What is required: From the data below, return the exact lines starting at the line containing "Mutlu çok ırklı" and ending at the line containing "PS4 (PlayStation 4) Negra + 2 Mandos", both included, and nothing else.

Dataset records:

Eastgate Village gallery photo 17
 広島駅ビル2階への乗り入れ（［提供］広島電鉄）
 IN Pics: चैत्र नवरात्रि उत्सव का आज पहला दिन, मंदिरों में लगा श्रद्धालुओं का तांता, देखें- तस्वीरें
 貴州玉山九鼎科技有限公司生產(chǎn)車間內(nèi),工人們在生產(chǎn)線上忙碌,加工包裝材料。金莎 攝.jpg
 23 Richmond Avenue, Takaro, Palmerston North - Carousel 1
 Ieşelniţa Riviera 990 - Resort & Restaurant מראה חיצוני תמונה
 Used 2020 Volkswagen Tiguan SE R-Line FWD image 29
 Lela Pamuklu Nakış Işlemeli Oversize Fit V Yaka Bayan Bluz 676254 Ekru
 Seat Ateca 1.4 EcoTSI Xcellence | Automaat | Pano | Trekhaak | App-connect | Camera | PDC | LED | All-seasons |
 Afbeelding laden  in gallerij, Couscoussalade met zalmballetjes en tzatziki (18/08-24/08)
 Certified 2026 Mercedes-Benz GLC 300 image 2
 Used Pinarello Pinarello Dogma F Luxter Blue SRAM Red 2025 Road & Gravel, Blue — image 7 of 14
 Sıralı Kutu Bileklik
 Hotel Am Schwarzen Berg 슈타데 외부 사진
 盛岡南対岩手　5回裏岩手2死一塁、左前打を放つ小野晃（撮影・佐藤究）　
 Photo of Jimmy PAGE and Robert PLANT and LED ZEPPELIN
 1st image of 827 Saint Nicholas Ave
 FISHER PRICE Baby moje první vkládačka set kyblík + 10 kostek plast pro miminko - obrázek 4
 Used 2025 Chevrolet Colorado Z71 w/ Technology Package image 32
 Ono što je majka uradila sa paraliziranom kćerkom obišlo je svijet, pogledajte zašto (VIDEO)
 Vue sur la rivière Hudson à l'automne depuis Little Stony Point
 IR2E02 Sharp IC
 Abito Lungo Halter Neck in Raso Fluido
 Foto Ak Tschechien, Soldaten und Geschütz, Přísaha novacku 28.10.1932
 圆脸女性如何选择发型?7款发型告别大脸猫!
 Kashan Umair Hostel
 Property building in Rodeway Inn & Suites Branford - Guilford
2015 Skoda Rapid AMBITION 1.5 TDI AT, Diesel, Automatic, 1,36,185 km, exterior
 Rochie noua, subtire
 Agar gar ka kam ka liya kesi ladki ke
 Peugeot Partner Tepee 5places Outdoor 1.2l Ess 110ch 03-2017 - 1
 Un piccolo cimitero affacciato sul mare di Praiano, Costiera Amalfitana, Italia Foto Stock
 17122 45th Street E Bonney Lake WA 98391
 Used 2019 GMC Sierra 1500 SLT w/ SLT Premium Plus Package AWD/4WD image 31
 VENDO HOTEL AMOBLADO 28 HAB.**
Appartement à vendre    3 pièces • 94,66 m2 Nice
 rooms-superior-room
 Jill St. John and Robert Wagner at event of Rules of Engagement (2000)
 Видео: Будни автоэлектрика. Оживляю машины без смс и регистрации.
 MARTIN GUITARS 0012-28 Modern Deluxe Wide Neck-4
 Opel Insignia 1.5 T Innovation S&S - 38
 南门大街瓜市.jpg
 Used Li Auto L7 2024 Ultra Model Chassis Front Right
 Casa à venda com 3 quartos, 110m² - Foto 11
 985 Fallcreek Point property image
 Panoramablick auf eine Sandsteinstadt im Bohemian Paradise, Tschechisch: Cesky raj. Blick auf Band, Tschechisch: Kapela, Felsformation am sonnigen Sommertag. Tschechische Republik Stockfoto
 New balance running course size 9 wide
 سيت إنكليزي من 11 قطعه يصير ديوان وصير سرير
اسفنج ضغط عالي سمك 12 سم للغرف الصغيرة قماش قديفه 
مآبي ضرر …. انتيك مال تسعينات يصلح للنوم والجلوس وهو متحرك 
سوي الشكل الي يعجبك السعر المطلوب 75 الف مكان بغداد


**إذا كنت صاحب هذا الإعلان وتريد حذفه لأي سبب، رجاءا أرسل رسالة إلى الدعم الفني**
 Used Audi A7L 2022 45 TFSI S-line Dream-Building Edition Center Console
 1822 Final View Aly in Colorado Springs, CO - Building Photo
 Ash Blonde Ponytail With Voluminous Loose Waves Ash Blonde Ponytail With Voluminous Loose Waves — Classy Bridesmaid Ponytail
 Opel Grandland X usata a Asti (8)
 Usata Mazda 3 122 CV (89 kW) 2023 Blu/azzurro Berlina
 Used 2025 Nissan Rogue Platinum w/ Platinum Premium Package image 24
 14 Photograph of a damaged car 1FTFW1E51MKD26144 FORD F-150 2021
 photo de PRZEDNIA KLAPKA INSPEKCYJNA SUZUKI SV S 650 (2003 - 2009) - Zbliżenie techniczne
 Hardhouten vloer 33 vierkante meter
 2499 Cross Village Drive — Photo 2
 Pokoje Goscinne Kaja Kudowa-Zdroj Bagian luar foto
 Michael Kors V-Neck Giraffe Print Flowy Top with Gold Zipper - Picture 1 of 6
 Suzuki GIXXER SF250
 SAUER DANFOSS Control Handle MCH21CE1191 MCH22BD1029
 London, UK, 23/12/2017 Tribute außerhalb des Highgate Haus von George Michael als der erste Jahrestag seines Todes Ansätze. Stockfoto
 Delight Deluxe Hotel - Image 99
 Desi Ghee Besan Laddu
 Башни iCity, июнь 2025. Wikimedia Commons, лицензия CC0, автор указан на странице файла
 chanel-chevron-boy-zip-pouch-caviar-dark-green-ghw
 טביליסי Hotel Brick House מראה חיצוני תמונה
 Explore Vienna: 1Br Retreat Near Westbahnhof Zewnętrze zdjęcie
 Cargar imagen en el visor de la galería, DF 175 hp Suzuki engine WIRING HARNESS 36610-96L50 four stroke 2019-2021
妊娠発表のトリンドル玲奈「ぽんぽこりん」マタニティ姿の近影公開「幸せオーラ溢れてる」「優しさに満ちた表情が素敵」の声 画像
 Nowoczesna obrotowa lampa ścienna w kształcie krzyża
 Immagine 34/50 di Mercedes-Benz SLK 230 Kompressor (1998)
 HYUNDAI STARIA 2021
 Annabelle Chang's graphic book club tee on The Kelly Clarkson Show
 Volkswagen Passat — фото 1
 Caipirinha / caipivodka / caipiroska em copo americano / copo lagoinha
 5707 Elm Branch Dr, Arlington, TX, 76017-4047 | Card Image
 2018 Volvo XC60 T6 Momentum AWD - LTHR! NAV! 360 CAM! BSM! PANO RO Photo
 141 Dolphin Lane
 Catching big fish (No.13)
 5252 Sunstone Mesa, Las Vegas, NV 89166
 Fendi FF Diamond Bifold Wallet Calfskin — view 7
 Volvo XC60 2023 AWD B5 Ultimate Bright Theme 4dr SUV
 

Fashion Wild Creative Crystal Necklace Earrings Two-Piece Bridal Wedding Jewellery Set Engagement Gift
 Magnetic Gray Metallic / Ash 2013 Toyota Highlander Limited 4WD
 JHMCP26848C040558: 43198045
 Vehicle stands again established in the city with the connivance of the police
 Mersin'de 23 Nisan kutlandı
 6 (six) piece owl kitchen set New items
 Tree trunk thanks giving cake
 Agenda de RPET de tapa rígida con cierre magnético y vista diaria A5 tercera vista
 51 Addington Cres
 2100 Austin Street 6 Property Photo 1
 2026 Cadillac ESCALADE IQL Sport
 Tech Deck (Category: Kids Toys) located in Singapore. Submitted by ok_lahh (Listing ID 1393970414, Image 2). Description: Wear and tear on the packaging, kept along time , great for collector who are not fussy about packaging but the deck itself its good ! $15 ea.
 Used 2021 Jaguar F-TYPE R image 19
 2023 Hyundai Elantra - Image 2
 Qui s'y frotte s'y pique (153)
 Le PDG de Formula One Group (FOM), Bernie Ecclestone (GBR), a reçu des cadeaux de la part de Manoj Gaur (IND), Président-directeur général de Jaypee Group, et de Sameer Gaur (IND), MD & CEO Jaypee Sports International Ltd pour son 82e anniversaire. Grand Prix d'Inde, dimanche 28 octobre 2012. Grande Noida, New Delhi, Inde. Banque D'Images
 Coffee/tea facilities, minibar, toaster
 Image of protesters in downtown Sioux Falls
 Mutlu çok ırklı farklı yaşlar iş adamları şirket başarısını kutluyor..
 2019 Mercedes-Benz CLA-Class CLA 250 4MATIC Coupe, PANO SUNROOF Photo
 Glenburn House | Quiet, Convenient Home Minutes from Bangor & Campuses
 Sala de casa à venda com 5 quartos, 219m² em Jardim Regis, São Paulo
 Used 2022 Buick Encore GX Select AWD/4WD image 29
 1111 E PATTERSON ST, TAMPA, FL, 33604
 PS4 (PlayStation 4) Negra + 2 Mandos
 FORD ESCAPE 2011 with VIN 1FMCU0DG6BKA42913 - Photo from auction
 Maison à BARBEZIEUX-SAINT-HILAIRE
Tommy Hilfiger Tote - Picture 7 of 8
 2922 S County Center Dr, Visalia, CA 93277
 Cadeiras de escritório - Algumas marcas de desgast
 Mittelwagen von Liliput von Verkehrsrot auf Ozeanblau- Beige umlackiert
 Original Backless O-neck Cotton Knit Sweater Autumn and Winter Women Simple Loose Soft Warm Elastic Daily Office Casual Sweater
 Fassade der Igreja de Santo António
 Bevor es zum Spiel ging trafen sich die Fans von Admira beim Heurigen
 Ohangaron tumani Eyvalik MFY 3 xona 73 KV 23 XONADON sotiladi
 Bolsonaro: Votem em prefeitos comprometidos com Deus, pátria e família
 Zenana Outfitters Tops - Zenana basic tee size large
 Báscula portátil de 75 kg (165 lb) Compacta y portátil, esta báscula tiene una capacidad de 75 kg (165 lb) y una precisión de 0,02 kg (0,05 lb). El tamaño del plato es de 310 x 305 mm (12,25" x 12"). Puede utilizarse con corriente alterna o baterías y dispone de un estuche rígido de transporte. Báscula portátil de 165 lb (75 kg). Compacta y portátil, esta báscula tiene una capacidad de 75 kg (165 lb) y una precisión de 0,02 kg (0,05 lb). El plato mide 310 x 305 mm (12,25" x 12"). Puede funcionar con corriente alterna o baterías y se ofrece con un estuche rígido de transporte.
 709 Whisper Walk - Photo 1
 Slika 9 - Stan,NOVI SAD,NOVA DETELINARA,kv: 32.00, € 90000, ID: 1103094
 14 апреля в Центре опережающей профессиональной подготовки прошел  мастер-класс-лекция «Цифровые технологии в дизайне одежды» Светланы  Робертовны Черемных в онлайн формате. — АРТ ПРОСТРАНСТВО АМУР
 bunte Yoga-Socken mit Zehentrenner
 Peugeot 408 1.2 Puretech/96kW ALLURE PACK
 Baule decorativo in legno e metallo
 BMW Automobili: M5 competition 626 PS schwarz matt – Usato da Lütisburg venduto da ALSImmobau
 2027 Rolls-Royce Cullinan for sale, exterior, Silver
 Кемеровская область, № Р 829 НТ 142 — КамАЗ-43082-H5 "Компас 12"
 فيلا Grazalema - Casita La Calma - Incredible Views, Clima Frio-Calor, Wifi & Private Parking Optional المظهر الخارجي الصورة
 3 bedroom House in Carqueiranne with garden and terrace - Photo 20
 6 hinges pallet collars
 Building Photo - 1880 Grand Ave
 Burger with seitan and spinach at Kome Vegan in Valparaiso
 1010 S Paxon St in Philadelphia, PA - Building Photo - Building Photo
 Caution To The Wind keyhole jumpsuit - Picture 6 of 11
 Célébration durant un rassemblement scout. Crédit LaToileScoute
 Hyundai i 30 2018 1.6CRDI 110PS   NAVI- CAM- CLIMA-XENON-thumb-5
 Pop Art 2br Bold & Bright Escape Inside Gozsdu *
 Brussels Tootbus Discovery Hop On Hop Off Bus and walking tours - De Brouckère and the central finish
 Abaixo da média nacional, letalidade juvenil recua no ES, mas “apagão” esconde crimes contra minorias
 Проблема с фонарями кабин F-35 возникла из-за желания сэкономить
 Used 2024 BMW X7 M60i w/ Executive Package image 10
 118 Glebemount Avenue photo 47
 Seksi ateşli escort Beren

Answer box:
 Mutlu çok ırklı farklı yaşlar iş adamları şirket başarısını kutluyor..
 2019 Mercedes-Benz CLA-Class CLA 250 4MATIC Coupe, PANO SUNROOF Photo
 Glenburn House | Quiet, Convenient Home Minutes from Bangor & Campuses
 Sala de casa à venda com 5 quartos, 219m² em Jardim Regis, São Paulo
 Used 2022 Buick Encore GX Select AWD/4WD image 29
 1111 E PATTERSON ST, TAMPA, FL, 33604
 PS4 (PlayStation 4) Negra + 2 Mandos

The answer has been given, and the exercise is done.